About this exercise
Copy the data that appears below exactly. Drop the pictures.

Input
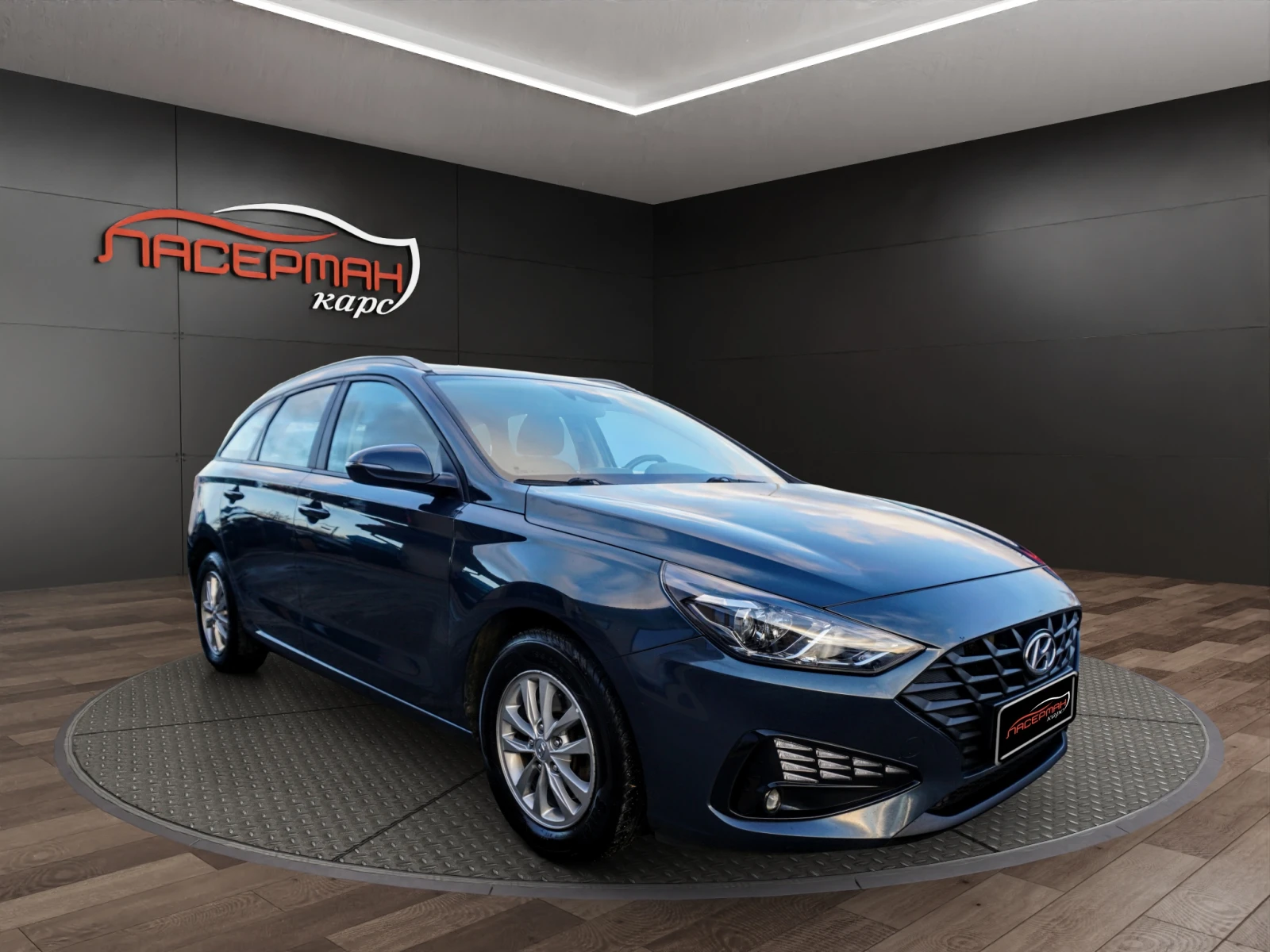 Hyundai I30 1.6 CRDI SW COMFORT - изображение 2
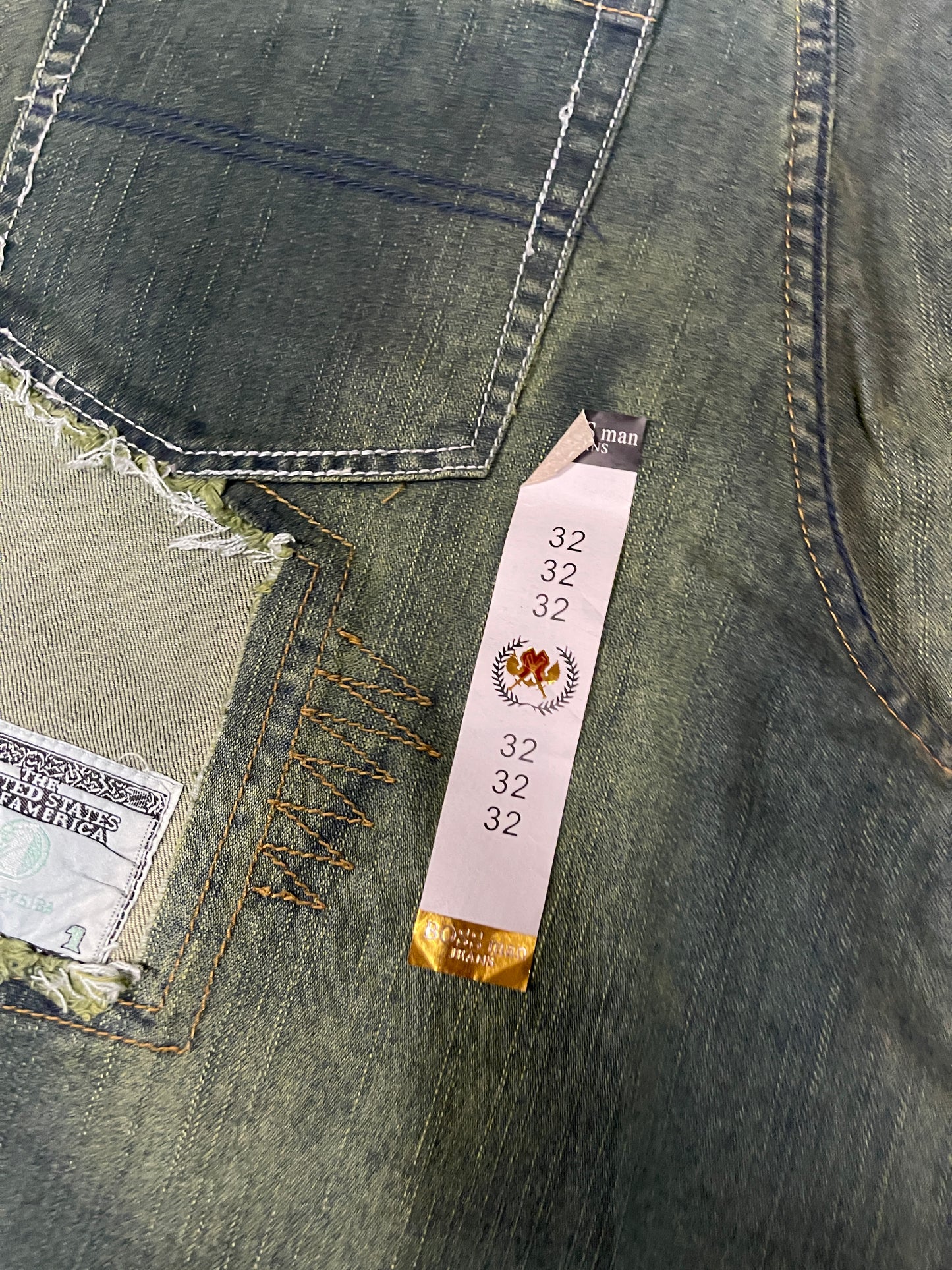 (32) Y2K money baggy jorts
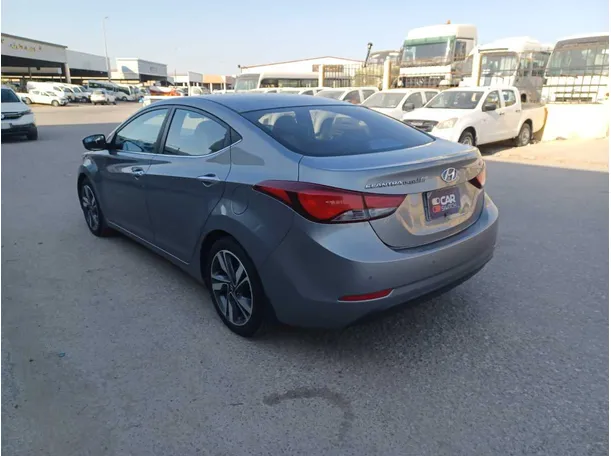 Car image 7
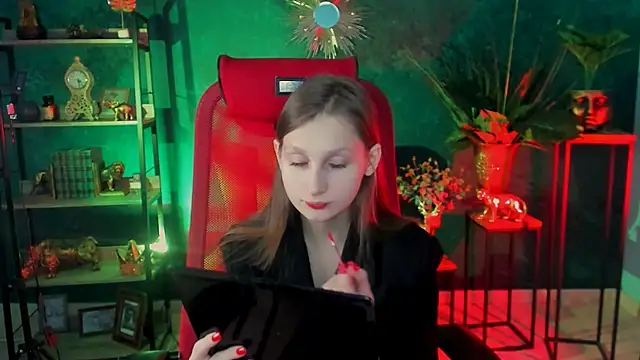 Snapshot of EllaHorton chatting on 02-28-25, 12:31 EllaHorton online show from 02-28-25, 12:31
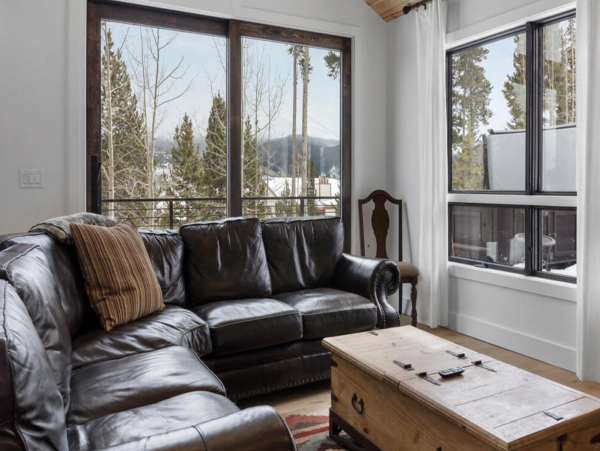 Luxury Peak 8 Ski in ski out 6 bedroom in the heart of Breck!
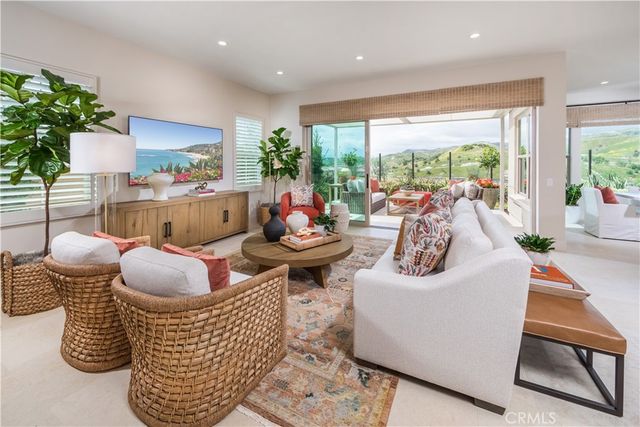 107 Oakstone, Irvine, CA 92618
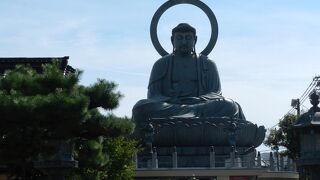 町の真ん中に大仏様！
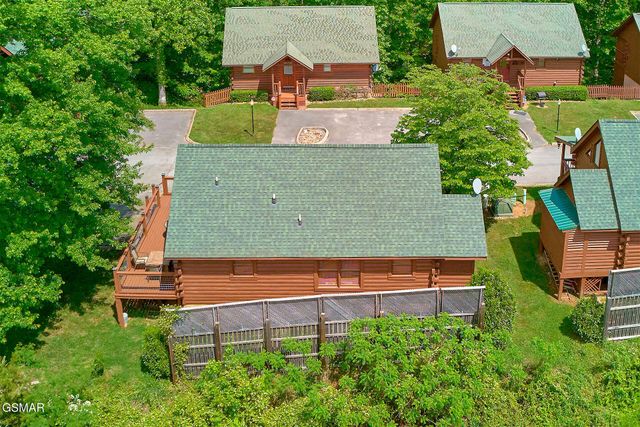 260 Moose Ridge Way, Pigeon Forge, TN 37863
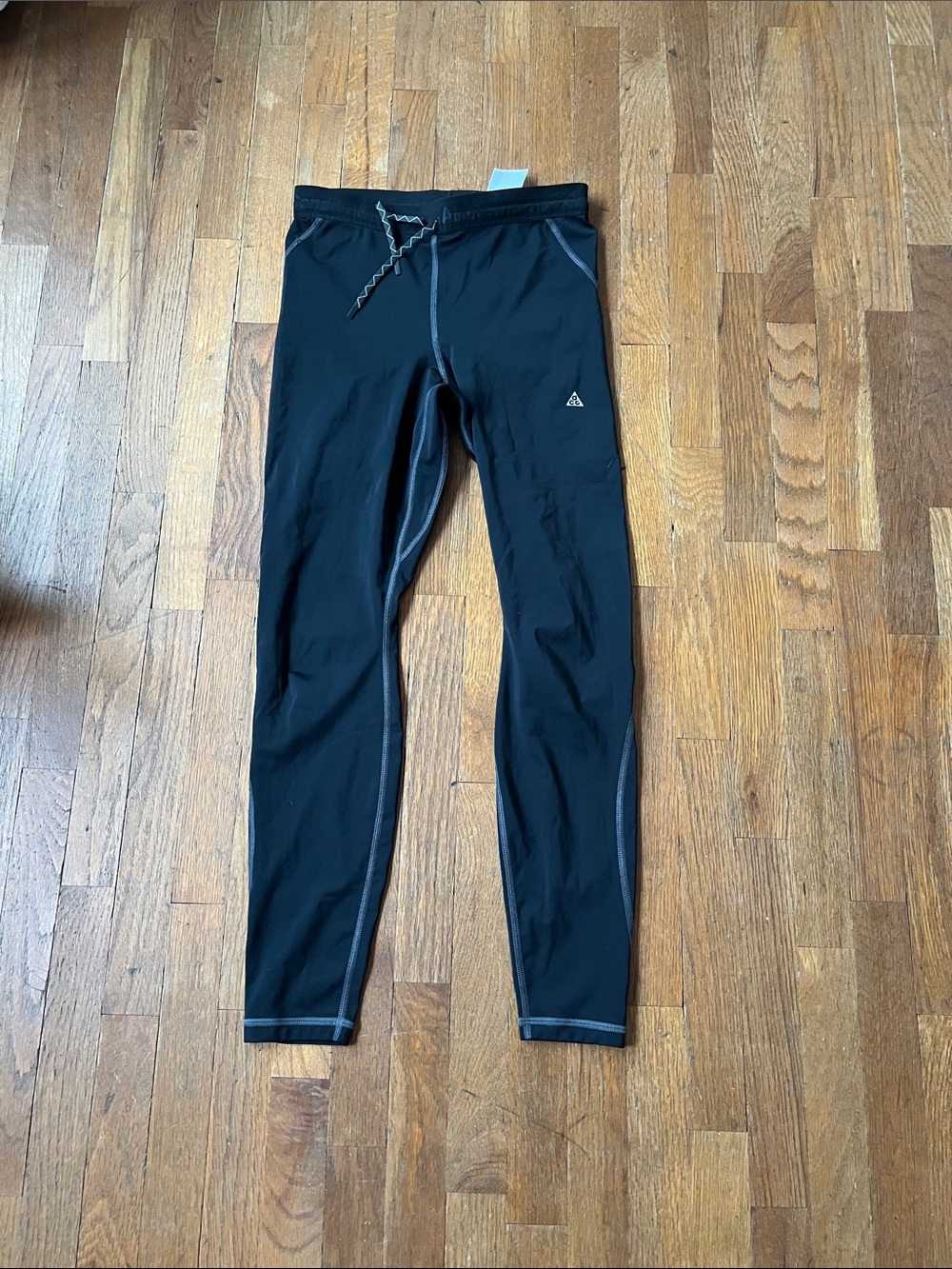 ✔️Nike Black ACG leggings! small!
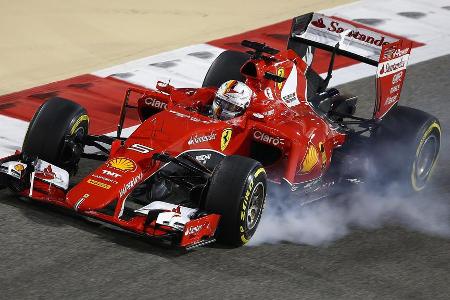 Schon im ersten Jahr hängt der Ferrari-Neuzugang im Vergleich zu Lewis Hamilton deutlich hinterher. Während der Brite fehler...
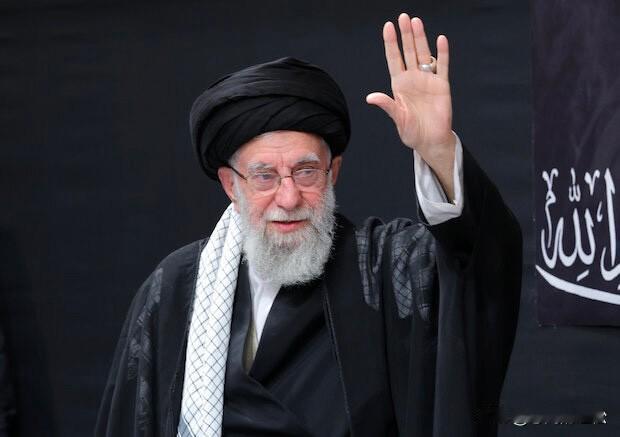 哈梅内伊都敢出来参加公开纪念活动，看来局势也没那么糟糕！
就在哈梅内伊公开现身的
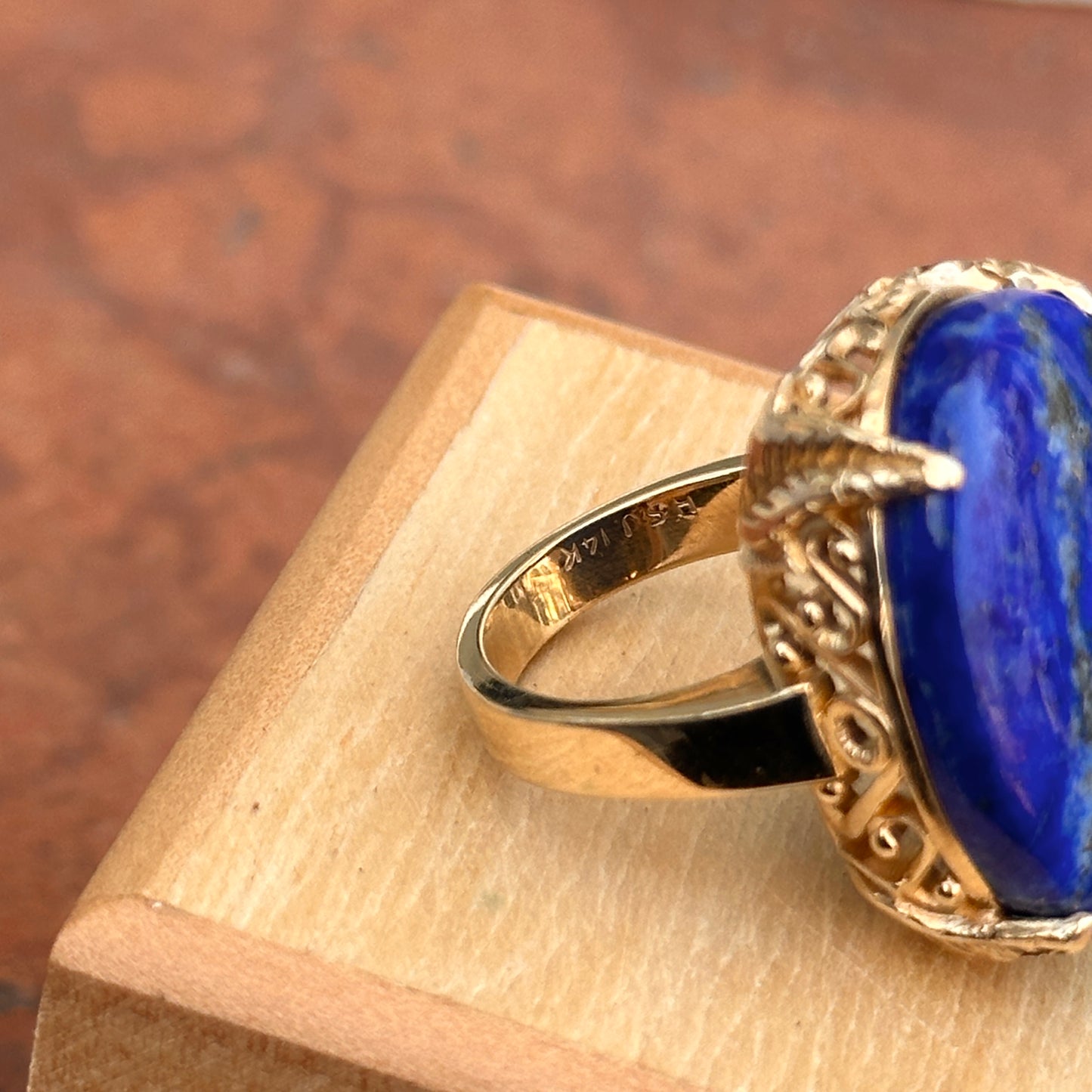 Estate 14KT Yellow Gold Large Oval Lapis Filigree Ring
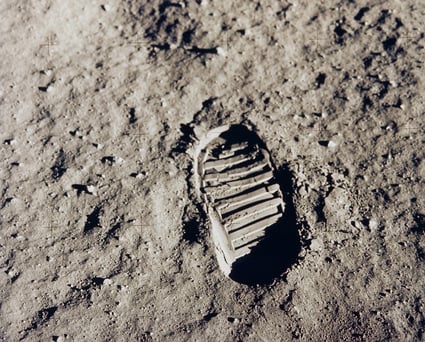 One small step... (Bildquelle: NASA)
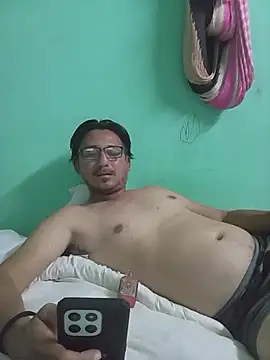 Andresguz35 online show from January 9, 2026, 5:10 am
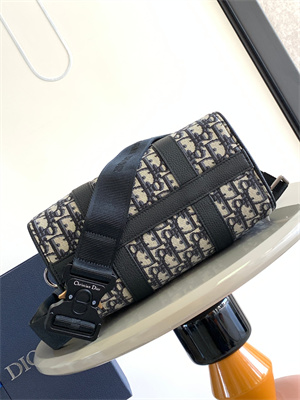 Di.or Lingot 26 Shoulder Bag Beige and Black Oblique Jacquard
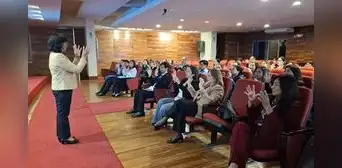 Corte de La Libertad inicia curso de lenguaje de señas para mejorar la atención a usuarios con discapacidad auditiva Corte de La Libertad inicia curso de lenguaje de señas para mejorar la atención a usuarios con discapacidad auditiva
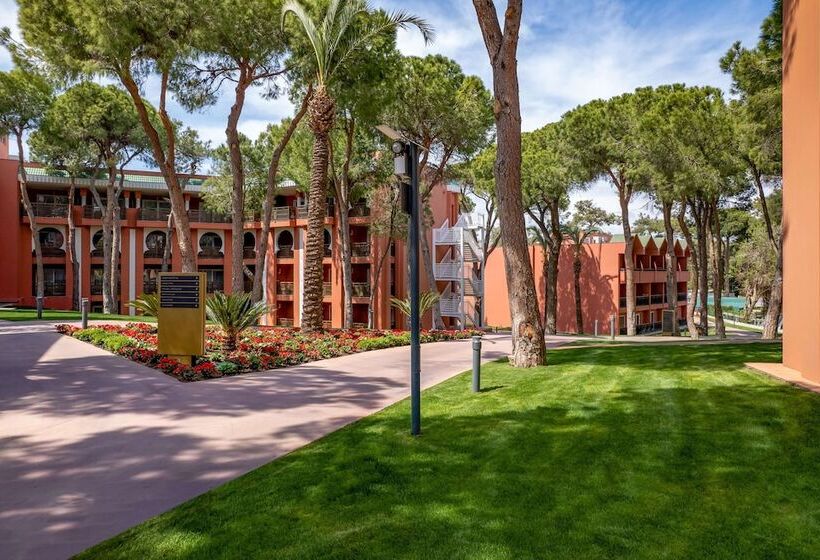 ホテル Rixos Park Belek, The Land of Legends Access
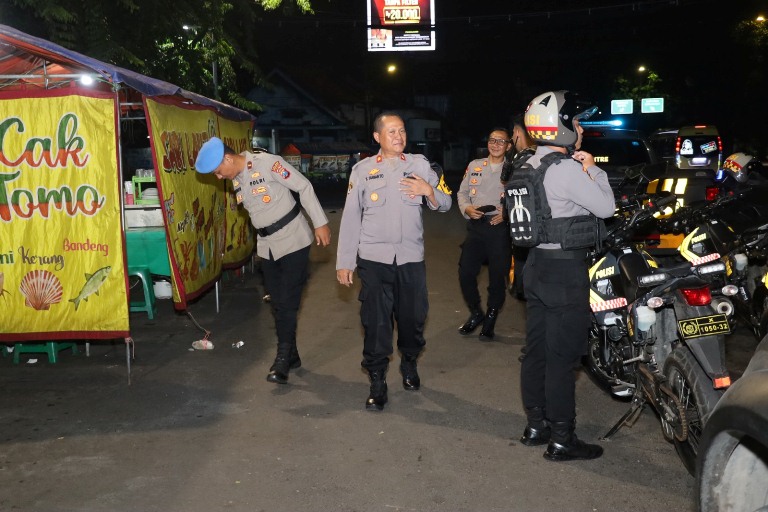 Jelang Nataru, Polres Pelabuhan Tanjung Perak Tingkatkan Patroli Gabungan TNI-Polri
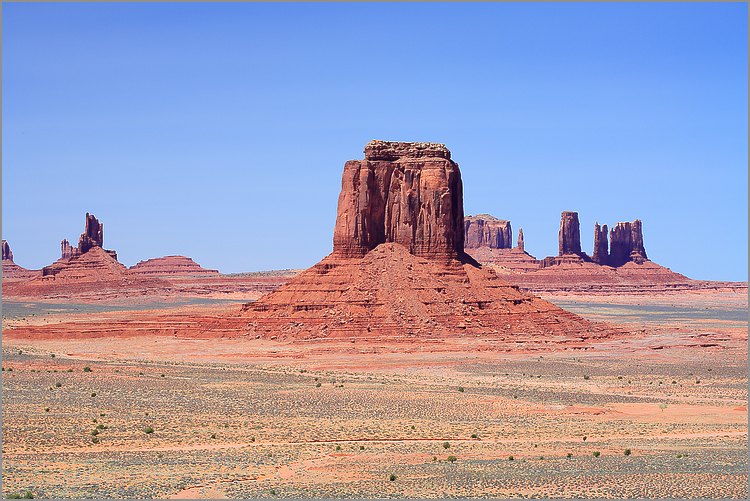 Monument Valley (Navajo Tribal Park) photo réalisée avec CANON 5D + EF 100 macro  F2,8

Your solution
 Hyundai I30 1.6 CRDI SW COMFORT - изображение 2
 (32) Y2K money baggy jorts
 Car image 7
 Snapshot of EllaHorton chatting on 02-28-25, 12:31 EllaHorton online show from 02-28-25, 12:31
 Luxury Peak 8 Ski in ski out 6 bedroom in the heart of Breck!
 107 Oakstone, Irvine, CA 92618
 町の真ん中に大仏様！
 260 Moose Ridge Way, Pigeon Forge, TN 37863
 ✔️Nike Black ACG leggings! small!
 Schon im ersten Jahr hängt der Ferrari-Neuzugang im Vergleich zu Lewis Hamilton deutlich hinterher. Während der Brite fehler...
 哈梅内伊都敢出来参加公开纪念活动，看来局势也没那么糟糕！
就在哈梅内伊公开现身的
 Estate 14KT Yellow Gold Large Oval Lapis Filigree Ring
 One small step... (Bildquelle: NASA)
 Andresguz35 online show from January 9, 2026, 5:10 am
 Di.or Lingot 26 Shoulder Bag Beige and Black Oblique Jacquard
 Corte de La Libertad inicia curso de lenguaje de señas para mejorar la atención a usuarios con discapacidad auditiva Corte de La Libertad inicia curso de lenguaje de señas para mejorar la atención a usuarios con discapacidad auditiva
 ホテル Rixos Park Belek, The Land of Legends Access
 Jelang Nataru, Polres Pelabuhan Tanjung Perak Tingkatkan Patroli Gabungan TNI-Polri
 Monument Valley (Navajo Tribal Park) photo réalisée avec CANON 5D + EF 100 macro  F2,8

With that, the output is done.